At the core of the Christian Gospel, it has been revealed to mankind that the one true God of the universe is perfectly righteous in every respect, in all that He does, and that humans are innately unrighteous. Because of the fall of mankind in the Garden of Eden, we no longer have an intact relationship with God by default of being one of his created humans; He and His ways are flawless perfection, and therefore, His standards of relationship require the same, which humans fall terribly short of.

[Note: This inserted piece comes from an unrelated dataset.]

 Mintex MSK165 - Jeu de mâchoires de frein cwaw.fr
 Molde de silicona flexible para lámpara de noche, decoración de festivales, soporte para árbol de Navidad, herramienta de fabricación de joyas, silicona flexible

The 1st definition that Webster's Dictionary gives to define righteousness is: "to act in accord with divine or moral law: free from guilt or sin." To seek to be righteous is to attempt to conduct all of one's thoughts and actions so that no fault can be found inside, or outside, the person. From strictly a human viewpoint, it is possible for us to do good deeds apart from God that have no obvious or visible blemishes of sin or evil. However, it is not possible for us to do good deeds with irreproachable motives, nor is it possible to do only good deeds, and do them continuously, without eventually doing wrong. In addition to this, it is also true that before the intent to even start doing good is begun, all humans have a grimy, mistake-ridden past that we would rather not acknowledge, even to ourselves, which causes the entire endeavor of pursuing righteousness to be fatally flawed before it's begun.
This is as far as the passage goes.